The FCA’s press release is a summary of its findings following visits to 17 firms to assess their dealing commission arrangements.
The FCA raised the following concerns:
- In relation to research budgets, the FCA noted that some firms showed “little thought or consideration” on how research budgets are set and managed and that budgets are frequently linked to prior years’ research spending levels (which are a factor of past trading volumes). The FCA noted that firms without any form of budgeting have research spending levels closely correlated to trading volumes. The FCA also identified several instances where firms with budgets did not limit research expenditure to the budget, with no satisfactory explanation as to why.
- The FCA noted that arrangements to demonstrate that only “substantive” research is paid for using dealing commission were “generally poor or missing”.
- The FCA noted that the majority of firms continued to treat the receipt of corporate access from brokers as a free provision.
- The FCA stated that firms with overseas operations and those that delegated investment management services often failed to implement controls to ensure that outsourced activities complied with the rules – confirming that the FCA does require delegated mandates to be subject to its rules.

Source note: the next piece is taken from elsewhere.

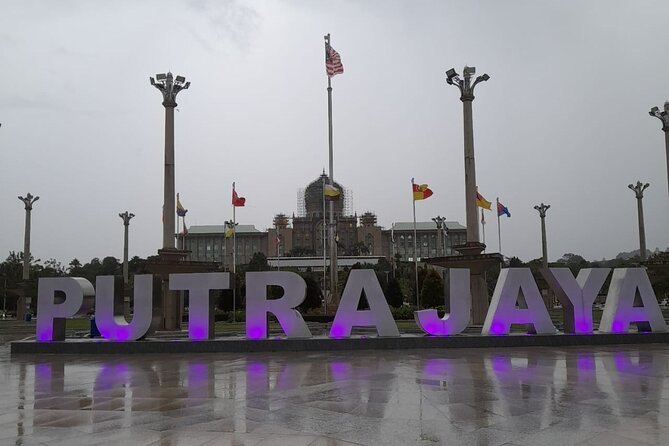 Putrajaya Tour From Kuala Lumpur - Seri Wawasan Bridge: the photo stop that explains the city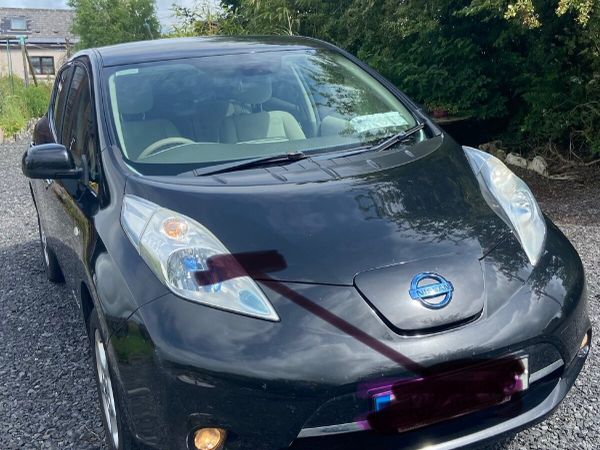 Nissan Leaf Hatchback, Electric, 2013, Black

Positively, the FCA noted that some firms in its sampling cover the cost of externally produced research from their own resources rather than using dealing commission, and that other firms have adopted processes that demonstrate consideration and control on spending dealing commission, reducing overall expenditure on research. The FCA also noted that some firms have implemented research budgets based on factors such as an estimate of the cost of producing research internally or acquiring it from an external provider.

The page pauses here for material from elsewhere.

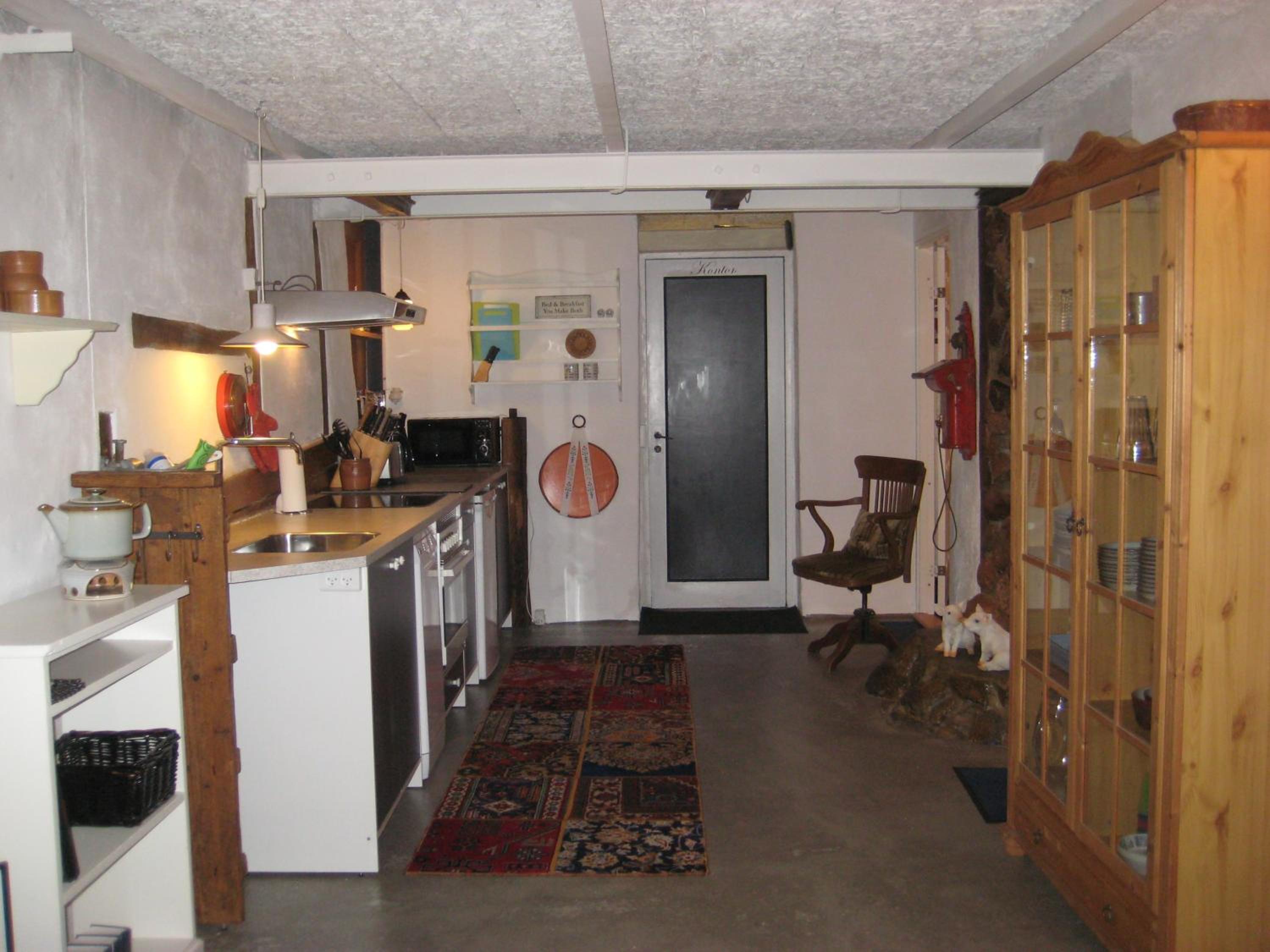 Photo 8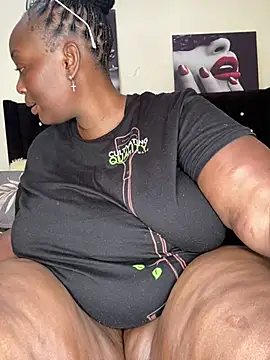 MsWhiteChocolatte online show from February 2025 01:11:01 PM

As a general observation, the FCA stated that, despite some progress being made, much of the poor practice it had previously highlighted is still commonplace.

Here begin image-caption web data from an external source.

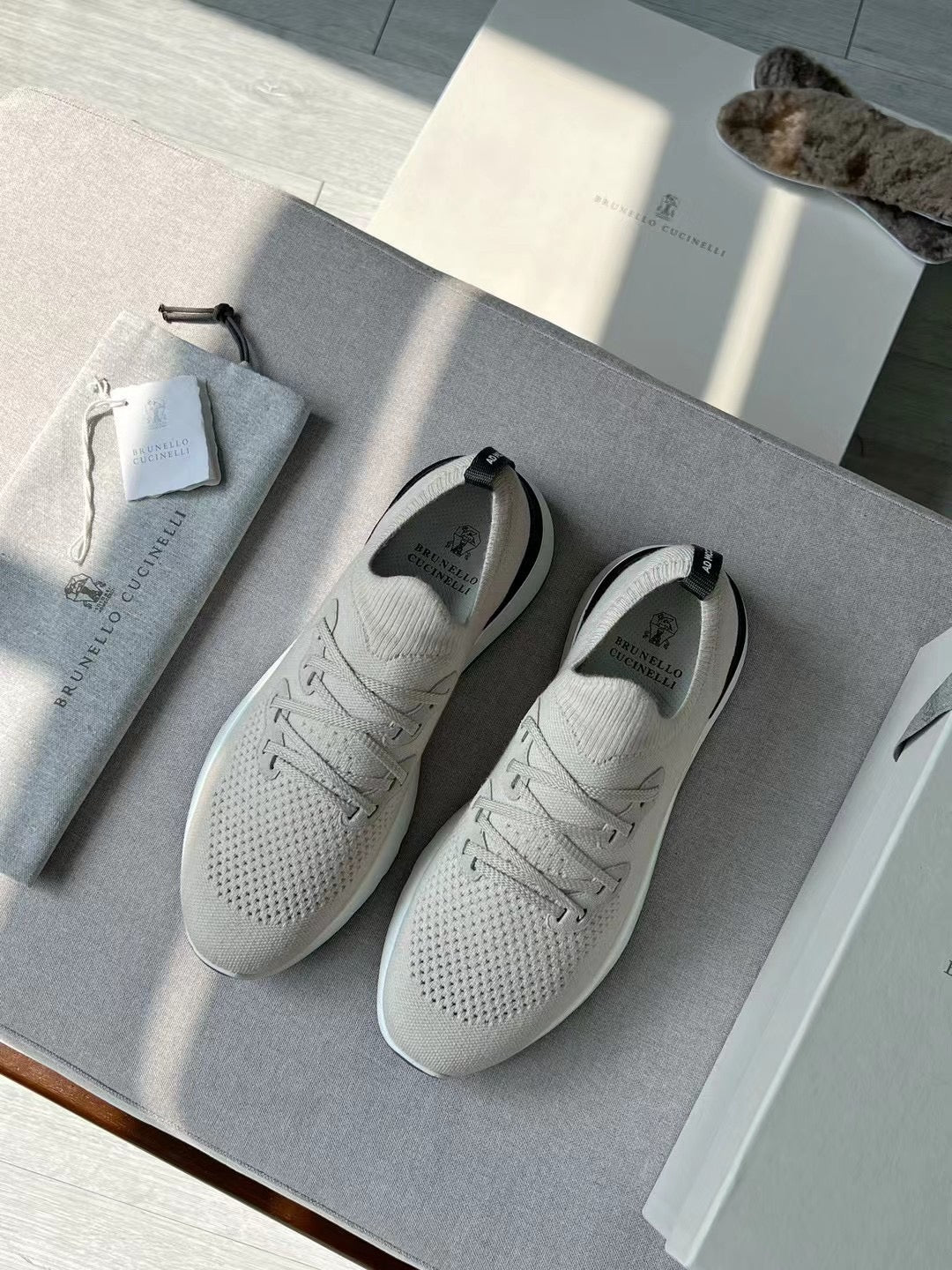 حذاء برونيلو كوتشينيل! Knit Runners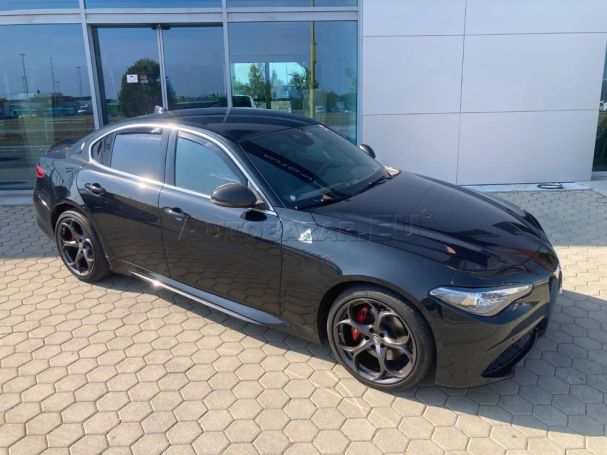 Alfa Romeo Giulia 2.0 Veloce Ti 206 kW image number 3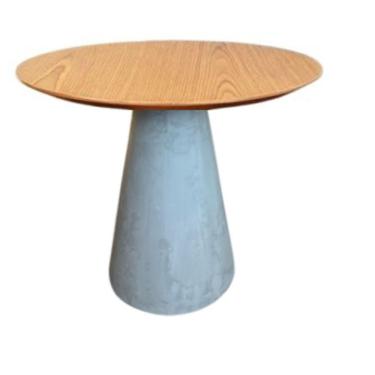 Imagem de Mesa De Apoio Cone Cimento Queimado - Tampo Freijó 70 Cm Altura 70 Cm Cinza Claro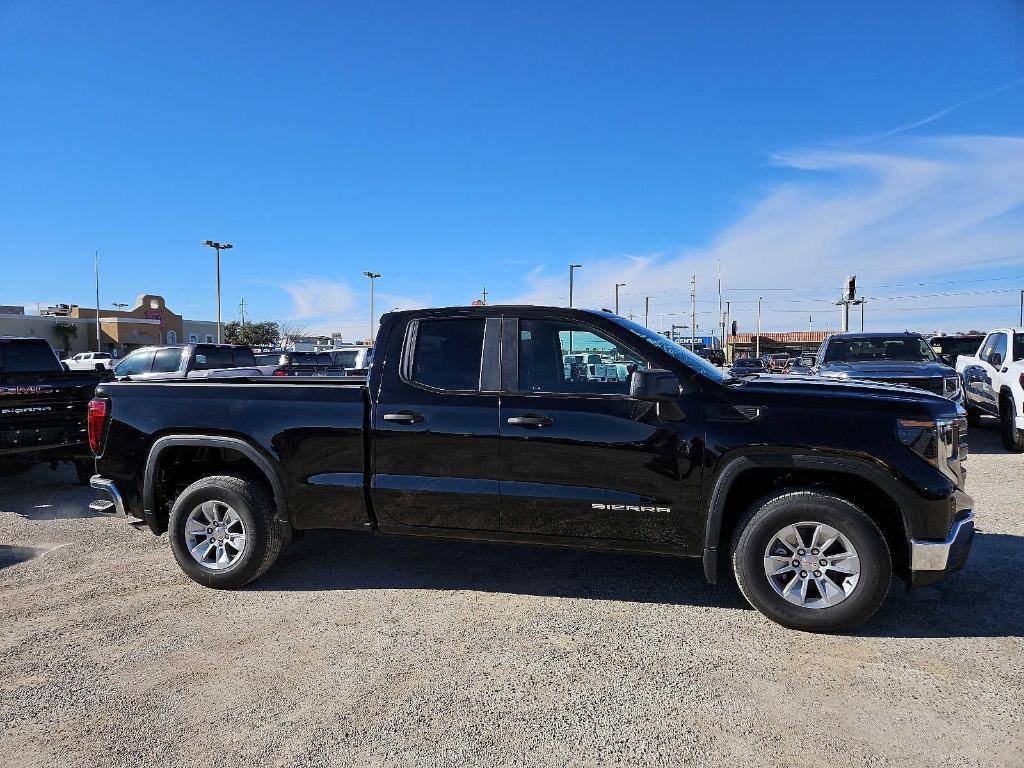 new 2025 GMC Sierra 1500 car, priced at $40,315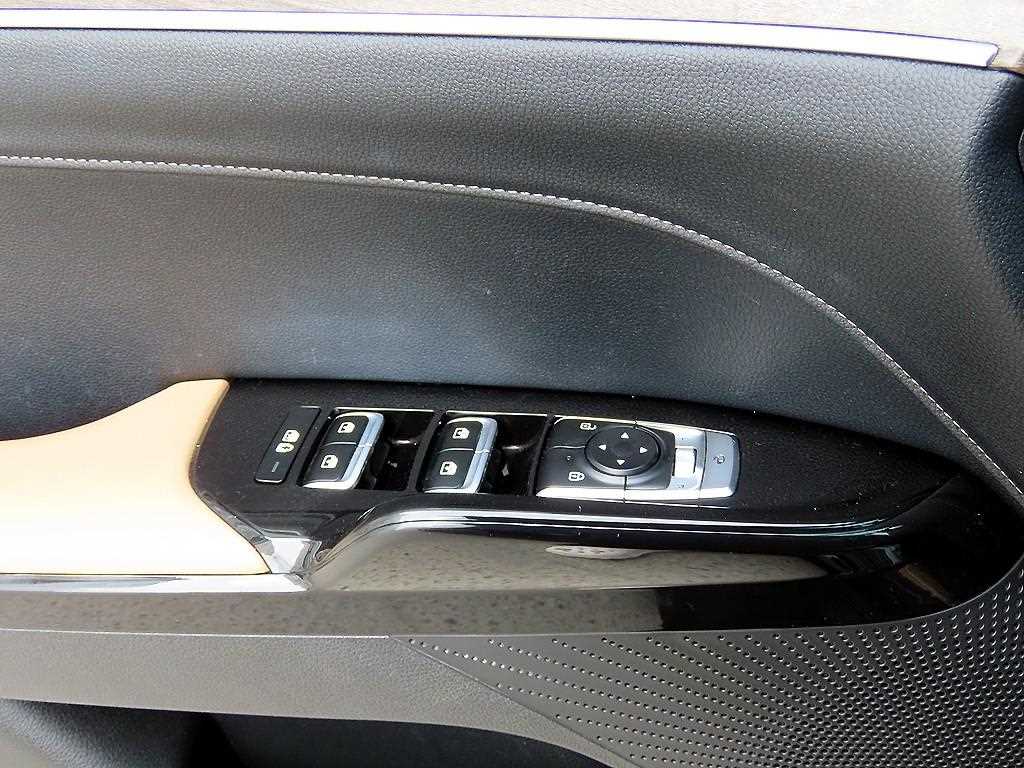 KIA K5 - Vista 12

MiFID II will take effect in January 2018. UK firms are now almost universally making changes to the way they purchase research from brokers to meet MiFID II’s requirements for full unbundling or direct payment. Notwithstanding the work that firms are doing to meet MiFID II, the FCA stated in its release that “where we identify breaches of our rules or principles, we will consider appropriate action, including more detailed investigations into specific firms, individuals or practices.”
Best execution
The FCA has conducted various thematic reviews to improve firms’ approach to best execution. The following are the highlights of its findings:
- As a general point, the FCA stated that much of the poor practice outlined in its prior thematic review has not been addressed.
- In terms of good practice, the FCA pointed to:
- where best execution was considered throughout the investment decision-making process, and not just the dealing desk;
- improvements on the equity side where firms had decreased the cost of trading by using low-cost trading venues such as broker-supplied algorithms, direct market access and broker-crossing networks;
- good governance processes within firms that challenged the overall costs of execution and re-negotiated commissions.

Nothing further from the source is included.